Saturday, July 17, 2010
Wednesday, July 14, 2010
One reason that I'm looking for a new job is to avoid telling him how I feel. I don't know when I turned into this girl, but I did. I went out there for a happy ending and the second it become hard, I didn't know how to fix it. And apparently, neither did he. So he let me go, for me.
My coworker said some wise words to me that I'm still digesting
'You can't let the possibility of rejection stop you from trying to get what you want. Rejection is a part of relationships and it's a part of life.'
Why is it so hard for me to talk to him about how I feel, about what I want? I spent a year with him and now I get jealous when other people get to spend time with him. I somehow put myself on the outside of this circle away from him. And estranged myself.

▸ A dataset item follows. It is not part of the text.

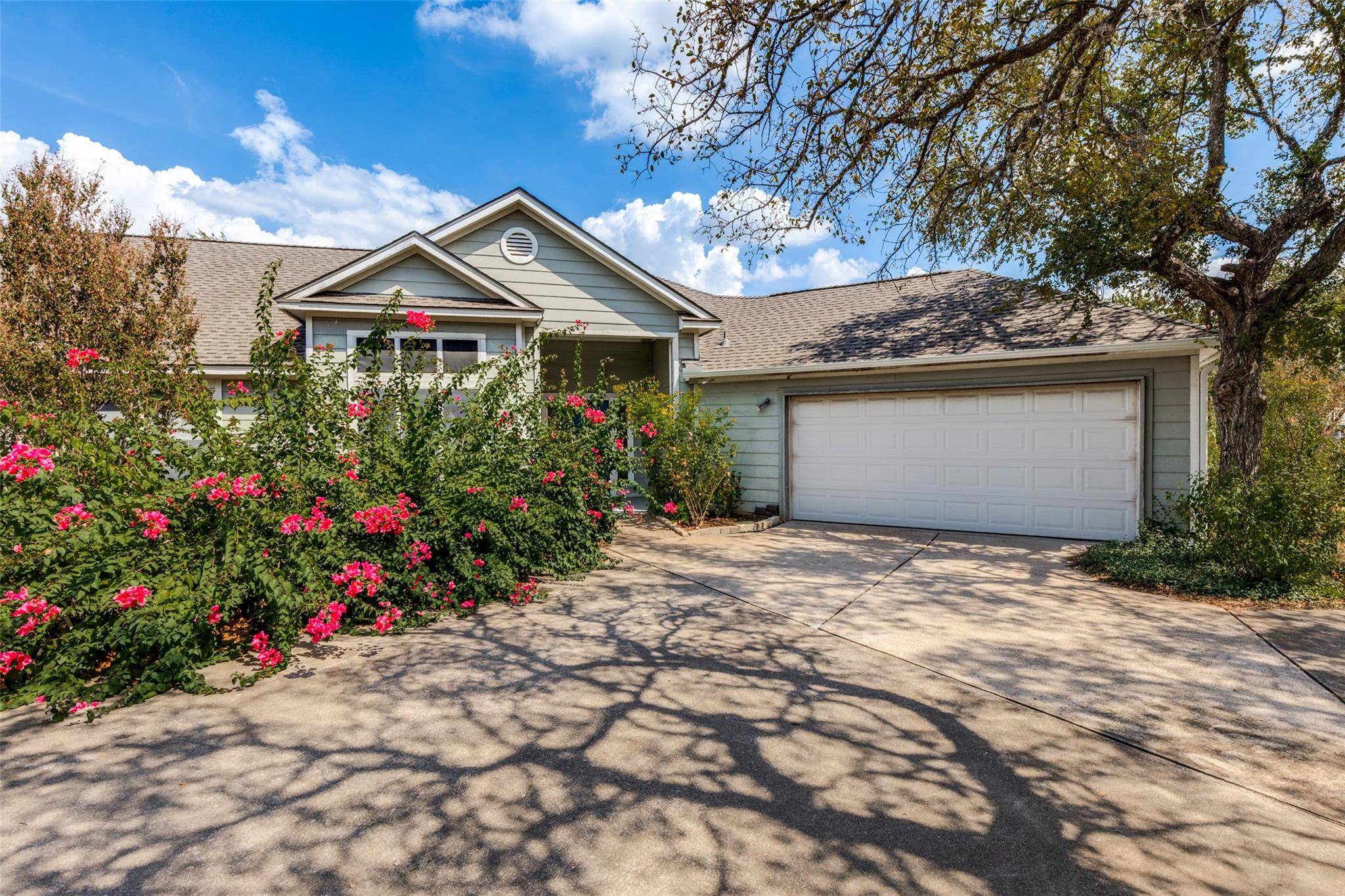 Austin, TX 78749,5718 McCarty LN #B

I'll tell you one thing- after all of our interactions each day for five months, I've mastered the art of quick banter and freezing up everything I feel inside. It's just sitting there, occasionally being pulled and poked at...expanding and hardener some more. How do I release it all? My first love, my first heartbreak...I'll ask you guys- how is a second supposed to get in after all of this?
Sunday, July 11, 2010
Thursday, July 8, 2010
I'm not saying I've let the dark side take over but my heavy cynicism keeps peaking every now and then. Right before I left for vacation things were getting tense between a flakey friend/coworker of mine named L. She's been a good friend this year and is the girl I hang out with at industry parties and when I really feel like drinking hard. When I feel like drying out and not being around people, then we have less to talk about. And again, she flakes on plans all the time. L is the kind of girl that will bail at the last second if something better comes up but will then lie about it. She also makes big arm gestures when she's talking/being dramatic and putting on a 'I need attention' show. Remind me why do I hang out with her again??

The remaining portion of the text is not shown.